Real education is not a very expensive venture. Real knowledge can be
obtained quite cheaply.
> The "government" is nothing more (nor less) than the collective
> will of the individual people of a country.
I recall learning that the government force children out of their
parents homes to go be 'educated' and that the illitercy rates
have never again been as high as they were prior to forced schooling.
Today, we have a majority who have been educated to do as they are
instructed and they comply by sending their babies to school because
that is what their parents did and what everyone else does and since
it was good enough for them it is good enough for their kids.

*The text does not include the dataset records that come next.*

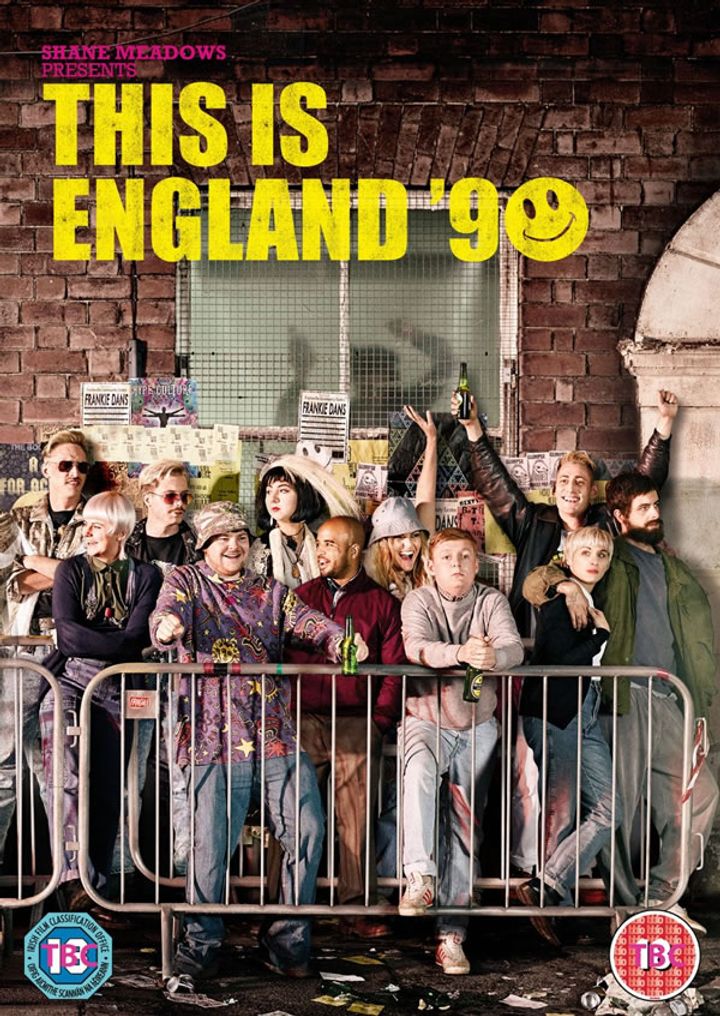 This Is England '90 (2015) Poster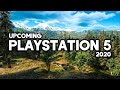 TOP 10 BEST NEW Upcoming PS5 Games of 2020 (4K 60FPS)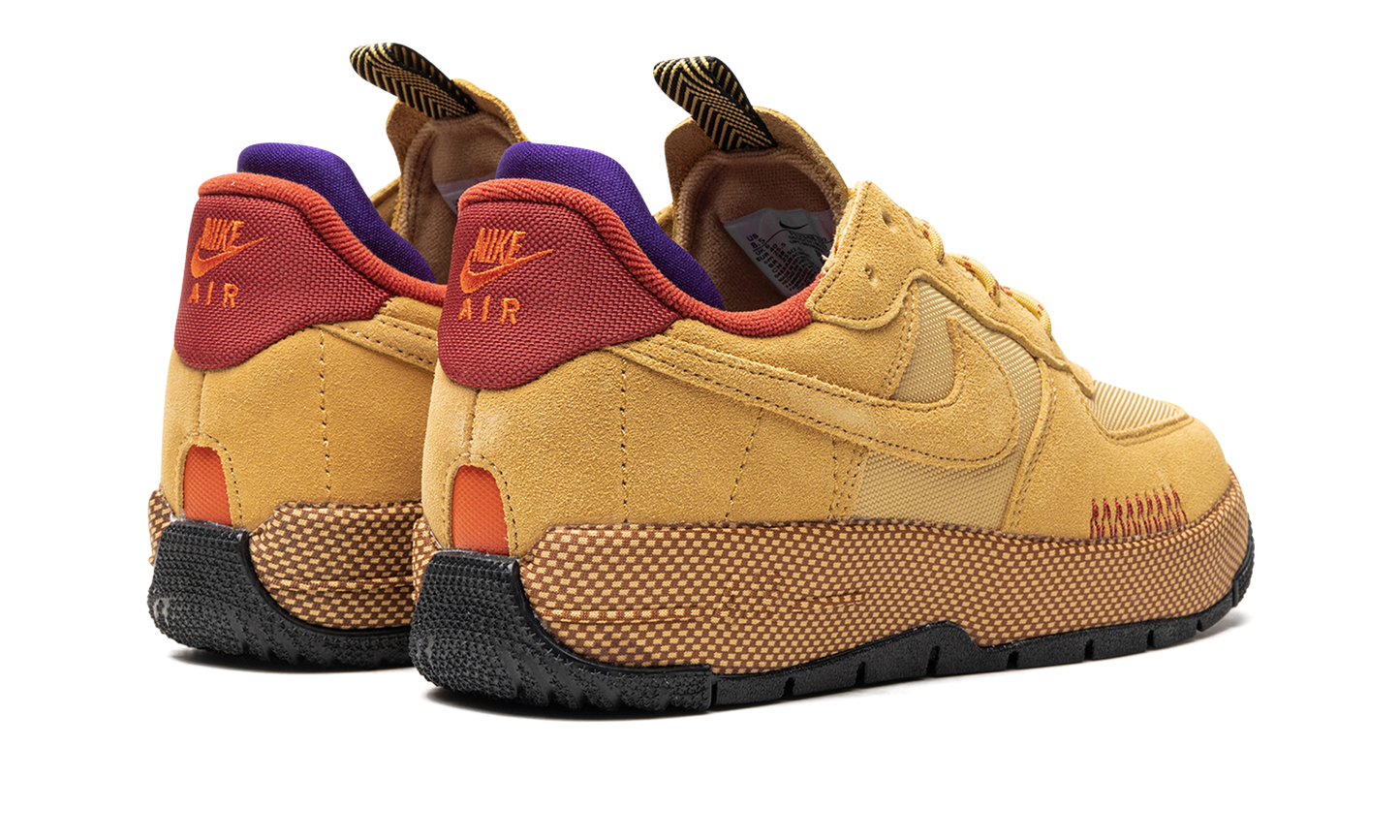 AIR FORCE 1 ILD WMNS Wheat Gold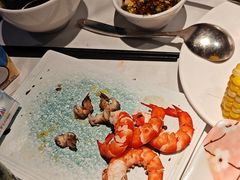 -领鲜活海鲜榴莲自助火锅(东门店)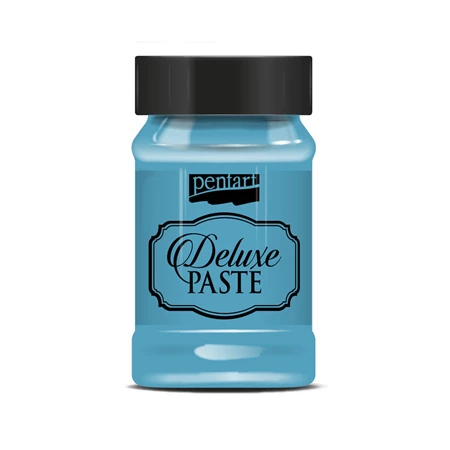 Deluxe paszta 100ml lagúnakék PENTART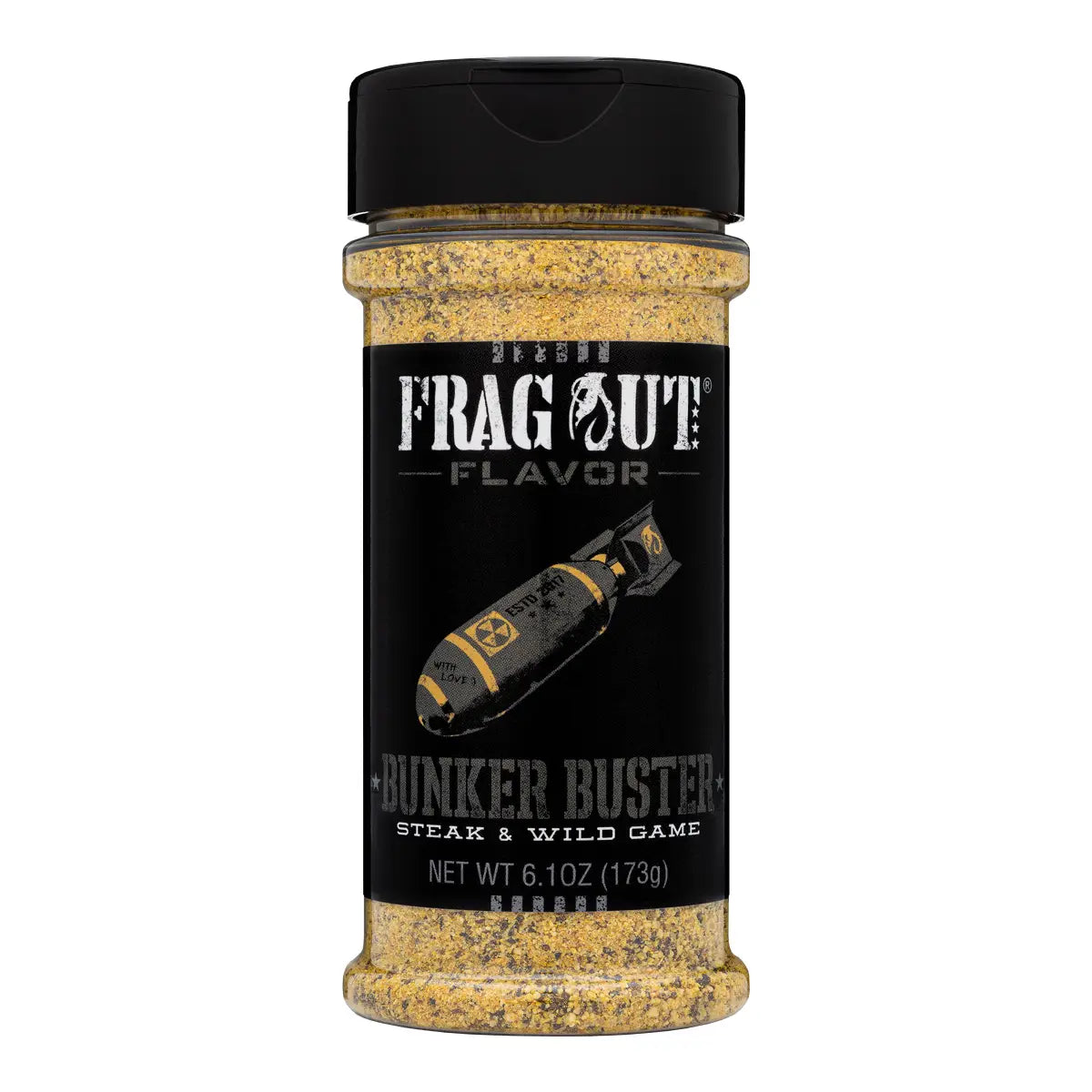 Frag Out Flavor Seasonings - STV
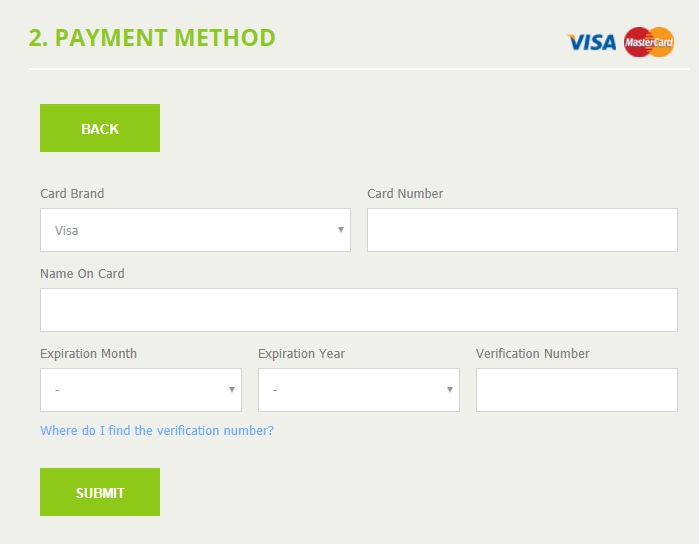 what is the fee from bitstamp to cold storage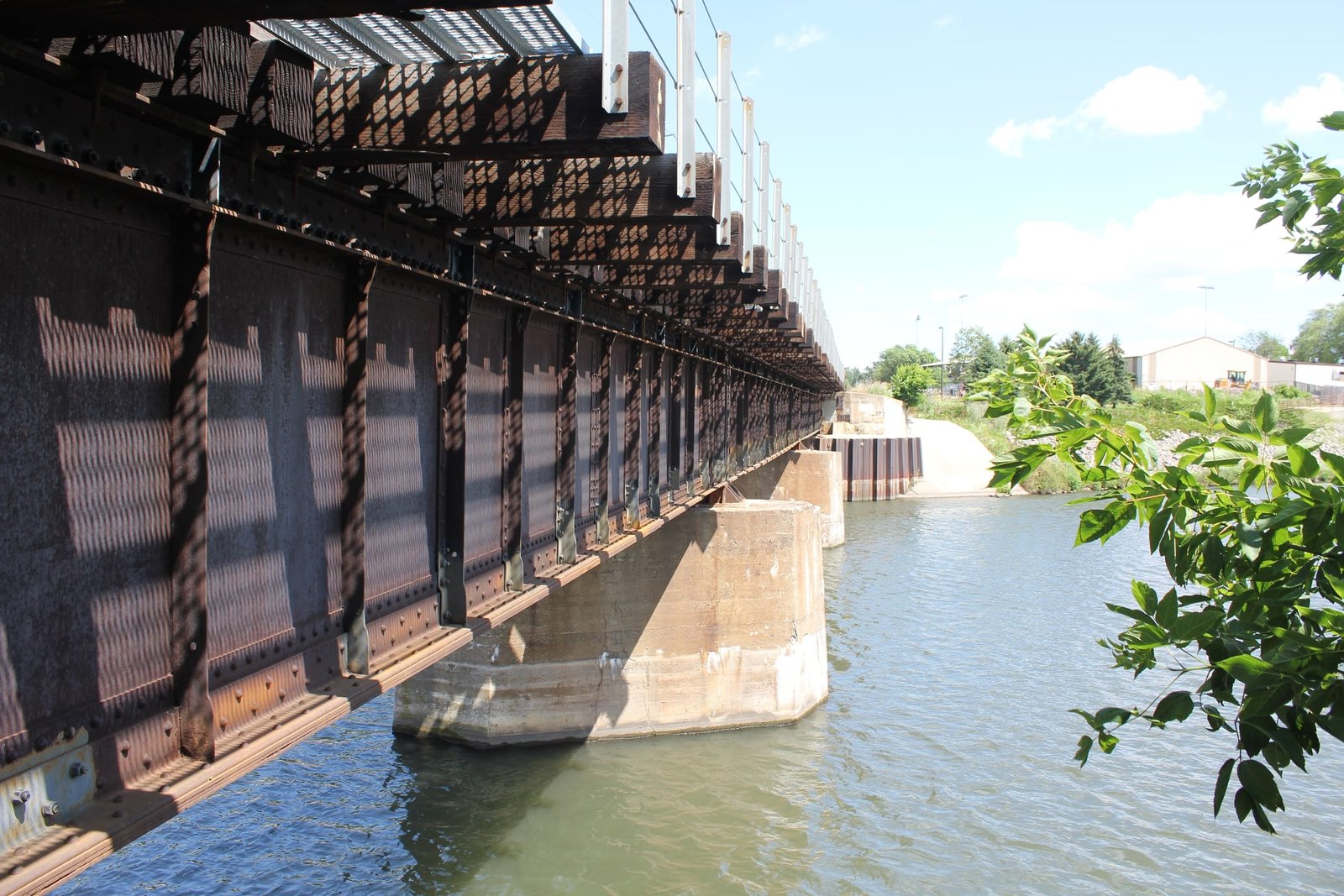 CPKC Zumbro River Bridge (Rochester)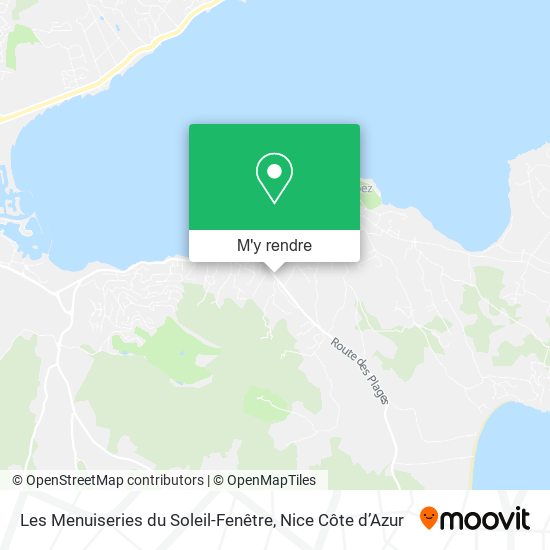 Les Menuiseries du Soleil-Fenêtre plan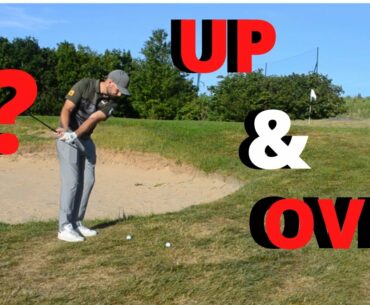 ONE OF THE MOST HATED SHOTS IN GOLF!!!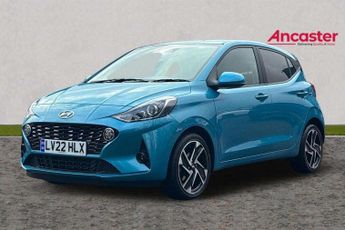 Hyundai i10 1.2 MPi Premium 5dr Auto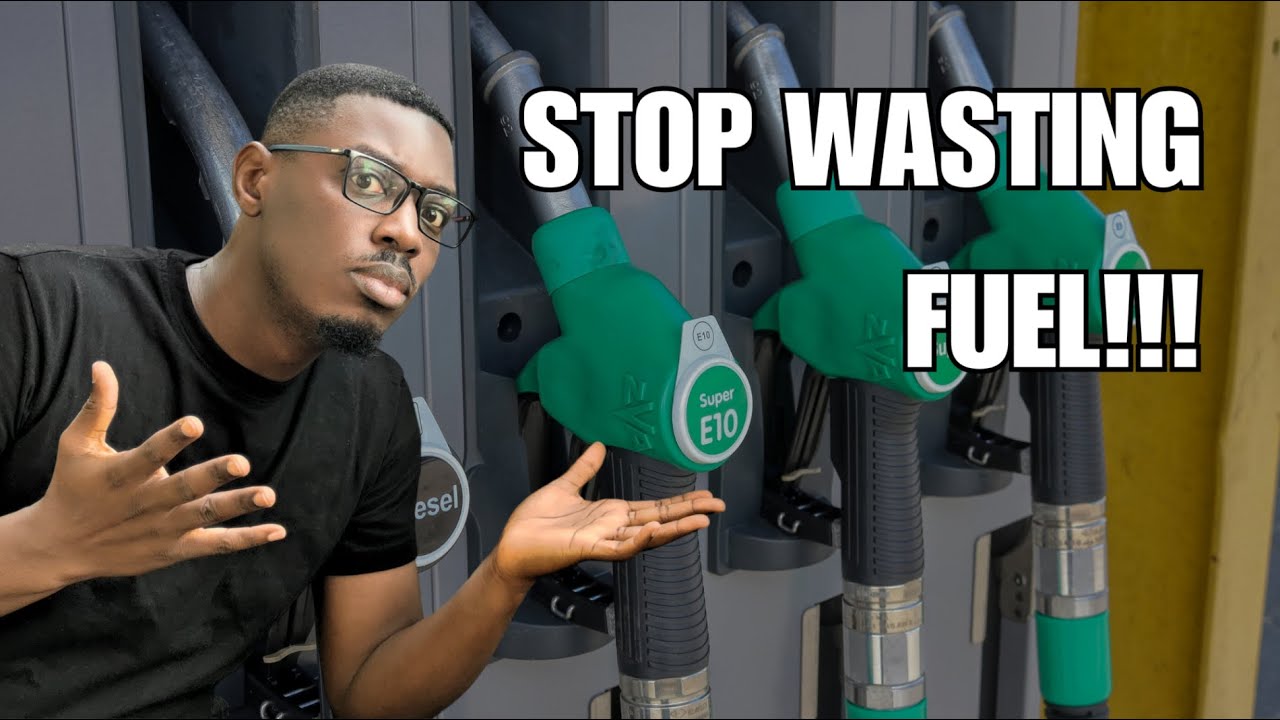 Stop Wasting Money at the Pump! 10 Pro Fuel Saving Tips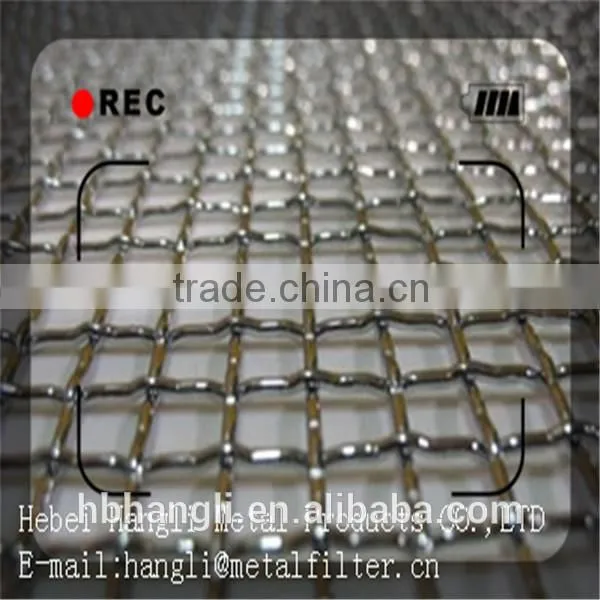 Stainless Steel Square Hole Mesh/stainless Steel Hex Mesh photo-3
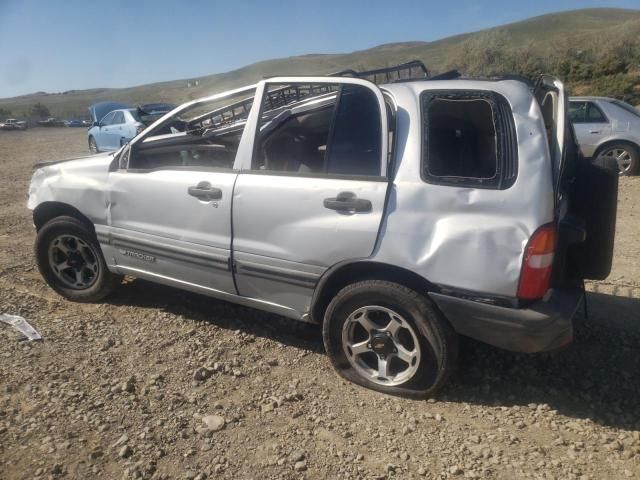 1999 Chevrolet Tracker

> You will notice that in my plan,
> the "government" has no role in setting policy or procedures at any
> school...just in being the vehicle for the society at large to express its
> belief in the necessity of the universality of being educated by funding the
I wish that I could believe this would be a real possibility.
> The individual parents (and kids) would be able to vote with their
> feet for the best ones.
That IS what is necessary. Only, I agree with Scott, that there will
not be a real choice because all schools will be required to meet
minimum government standards to qualify.